- _Dataset records_
═══

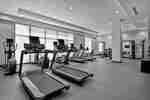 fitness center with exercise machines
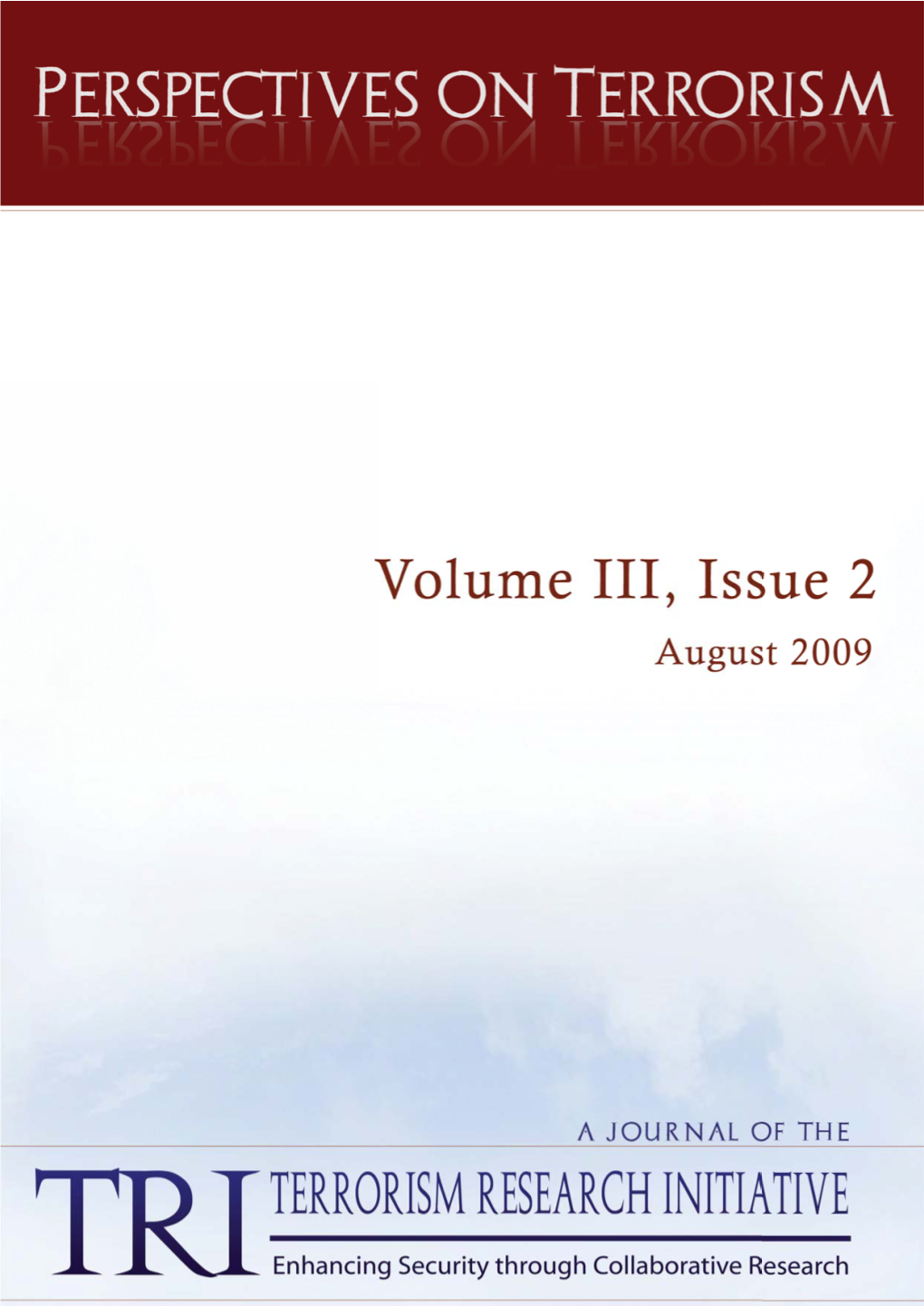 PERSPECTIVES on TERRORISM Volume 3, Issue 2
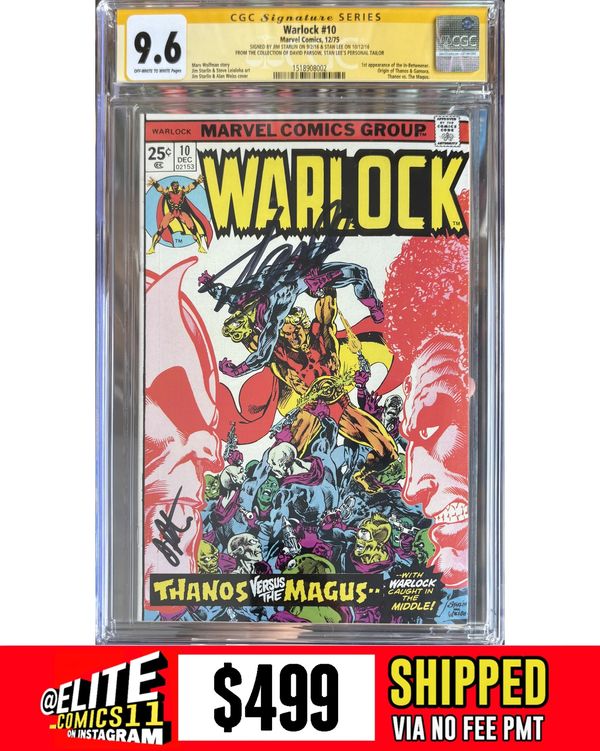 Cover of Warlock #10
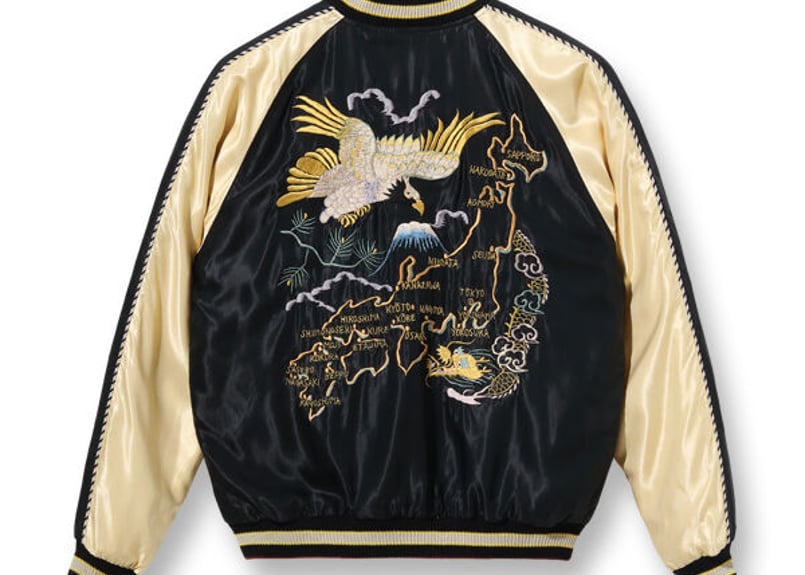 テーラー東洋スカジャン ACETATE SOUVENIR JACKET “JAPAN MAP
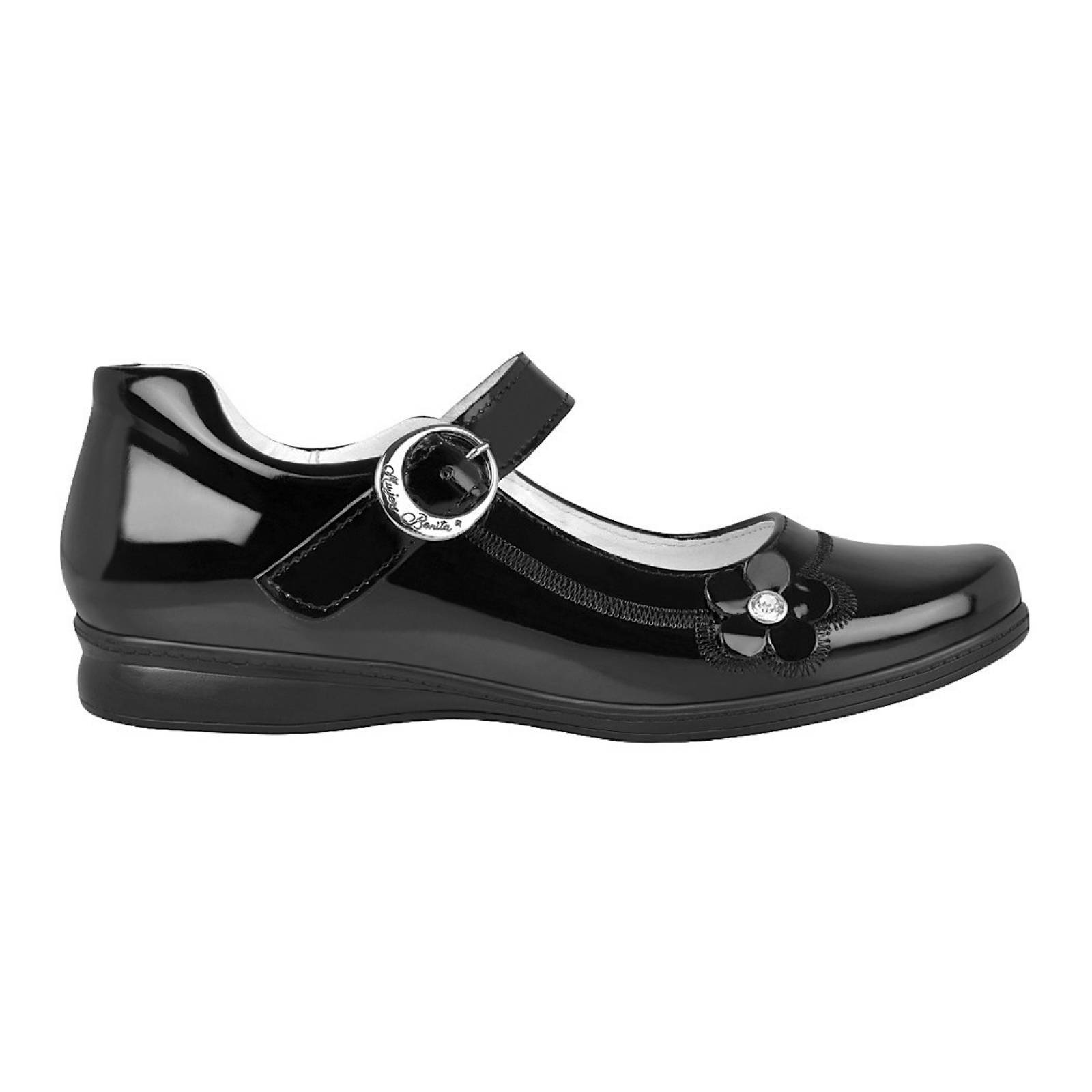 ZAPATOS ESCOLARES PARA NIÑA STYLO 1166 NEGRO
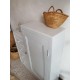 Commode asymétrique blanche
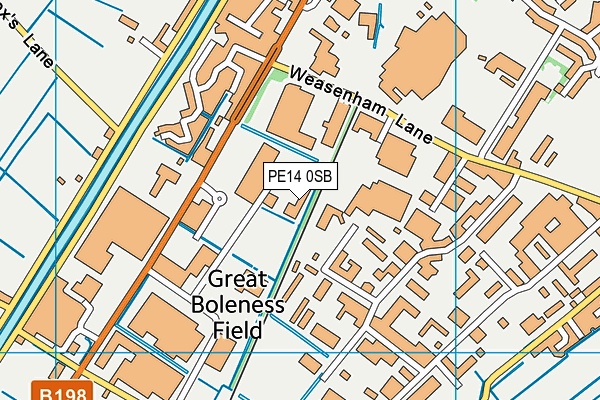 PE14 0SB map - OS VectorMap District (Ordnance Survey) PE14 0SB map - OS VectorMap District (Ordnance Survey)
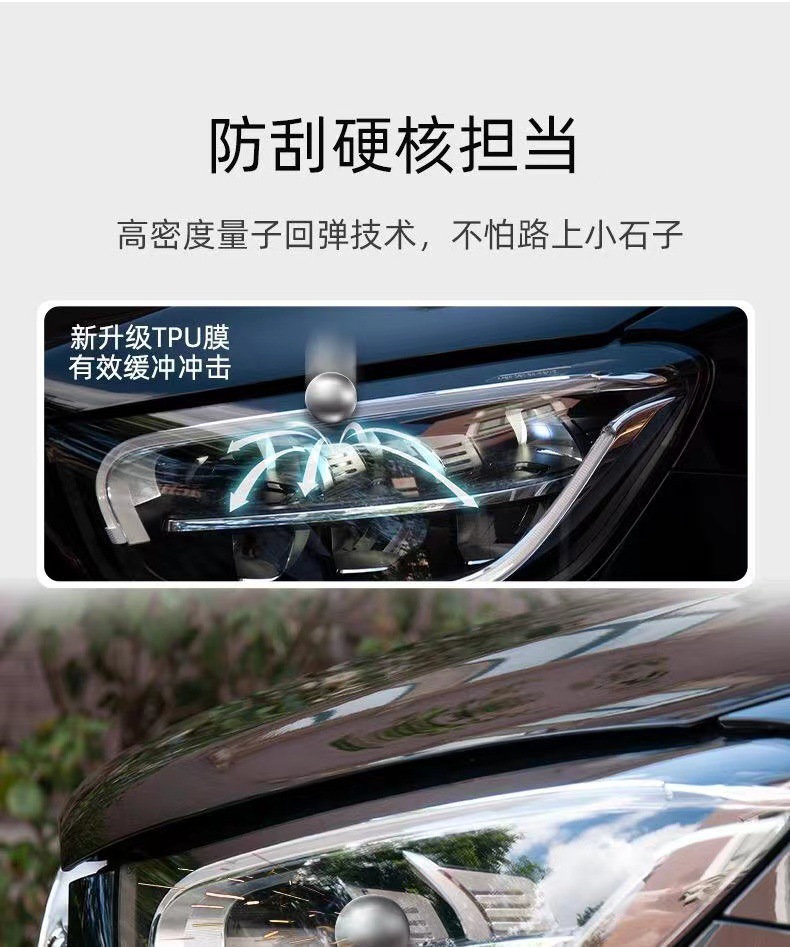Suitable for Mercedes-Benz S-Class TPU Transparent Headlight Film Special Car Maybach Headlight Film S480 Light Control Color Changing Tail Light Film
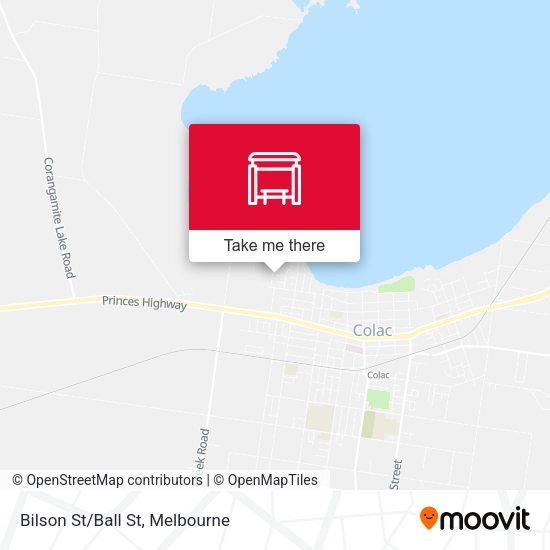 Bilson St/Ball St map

═══

- _Problem to solve_
Take the entries shown above and quote them verbatim, passing over the pictures.

- _Exercise output_
 fitness center with exercise machines
 PERSPECTIVES on TERRORISM Volume 3, Issue 2
 Cover of Warlock #10
 テーラー東洋スカジャン ACETATE SOUVENIR JACKET “JAPAN MAP
 ZAPATOS ESCOLARES PARA NIÑA STYLO 1166 NEGRO
 Commode asymétrique blanche
 PE14 0SB map - OS VectorMap District (Ordnance Survey) PE14 0SB map - OS VectorMap District (Ordnance Survey)
Suitable for Mercedes-Benz S-Class TPU Transparent Headlight Film Special Car Maybach Headlight Film S480 Light Control Color Changing Tail Light Film
 Bilson St/Ball St map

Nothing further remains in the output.